- Data shown:

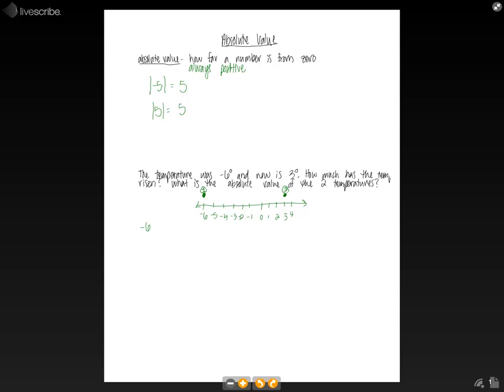So the absolute value of negative six, looking at our number line, we can see that negative six is six spots away from zero. And the absolute value of three is just three. So six plus three is equal to nine degrees.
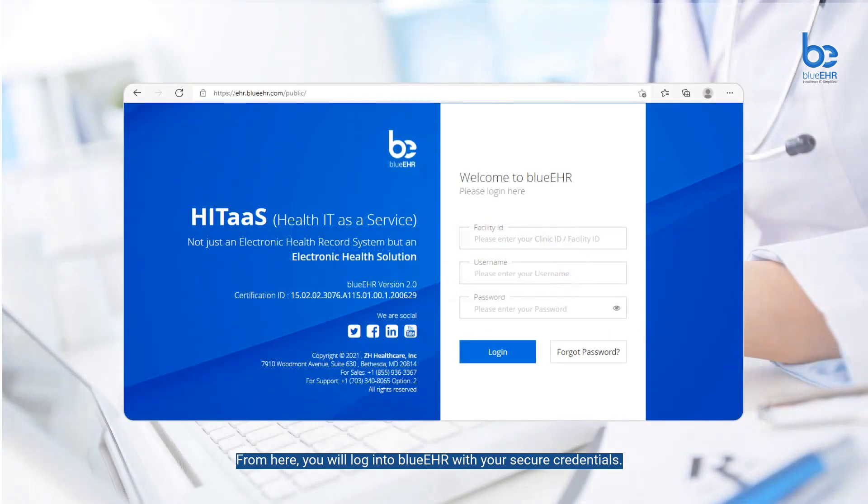To access Blue EHR, go to ehr.blueehr.com. From here, you will log into Blue EHR with your secure credentials.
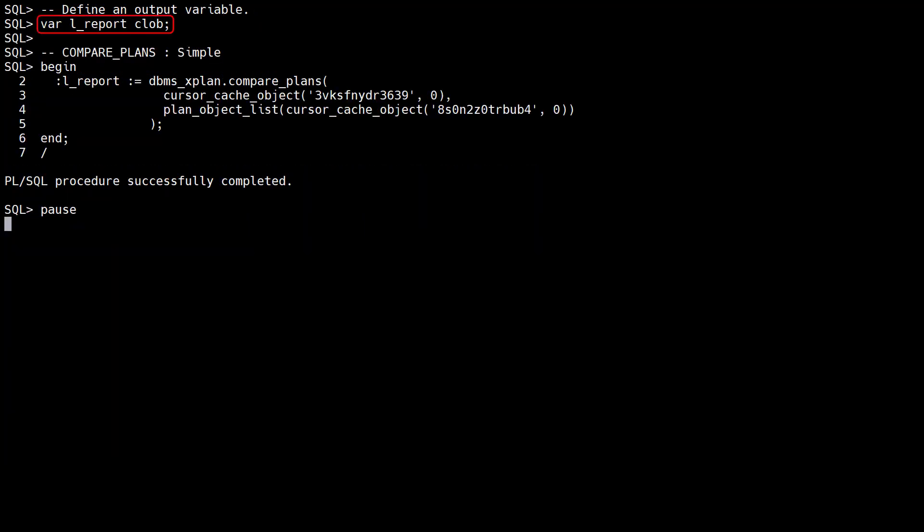We define a variable to hold the comparison report. The compare_plans function was added in Oracle 19c, allowing us to compare the execution plans of statements. In its simplest form we pass the reference plan and compare plan list parameters.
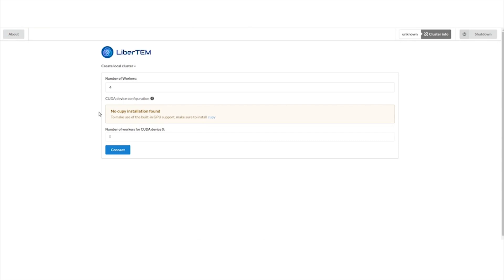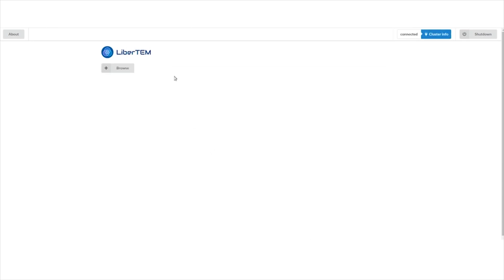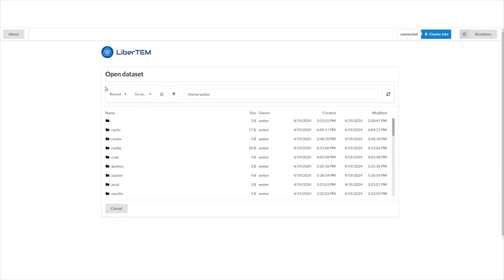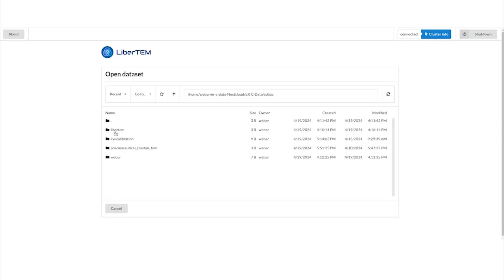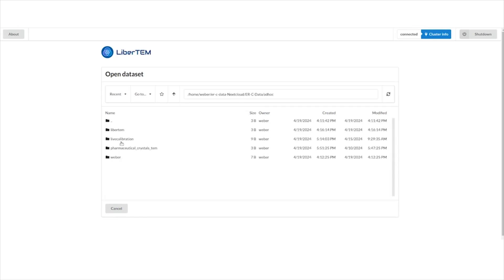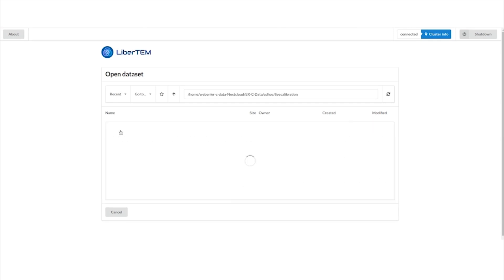LiberTem has GPU support, which I didn't install here. For file inspection generally it's not very useful — it's more for computationally intensive applications. For simple file inspection it runs fine on the CPU. Now we start in the background a Dask cluster that we use for offline processing as the execution engine. I've already downloaded some files. I used the Nextcloud from our data management system. Since we want to do live calibration later, I downloaded some datasets that Thermo Fisher sent me.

- Exercise instructions: Retype the data above exactly, dropping every picture.

- Response for this exercise:
So the absolute value of negative six, looking at our number line, we can see that negative six is six spots away from zero. And the absolute value of three is just three. So six plus three is equal to nine degrees.
To access Blue EHR, go to ehr.blueehr.com. From here, you will log into Blue EHR with your secure credentials.
We define a variable to hold the comparison report. The compare_plans function was added in Oracle 19c, allowing us to compare the execution plans of statements. In its simplest form we pass the reference plan and compare plan list parameters.
LiberTem has GPU support, which I didn't install here. For file inspection generally it's not very useful — it's more for computationally intensive applications. For simple file inspection it runs fine on the CPU. Now we start in the background a Dask cluster that we use for offline processing as the execution engine. I've already downloaded some files. I used the Nextcloud from our data management system. Since we want to do live calibration later, I downloaded some datasets that Thermo Fisher sent me.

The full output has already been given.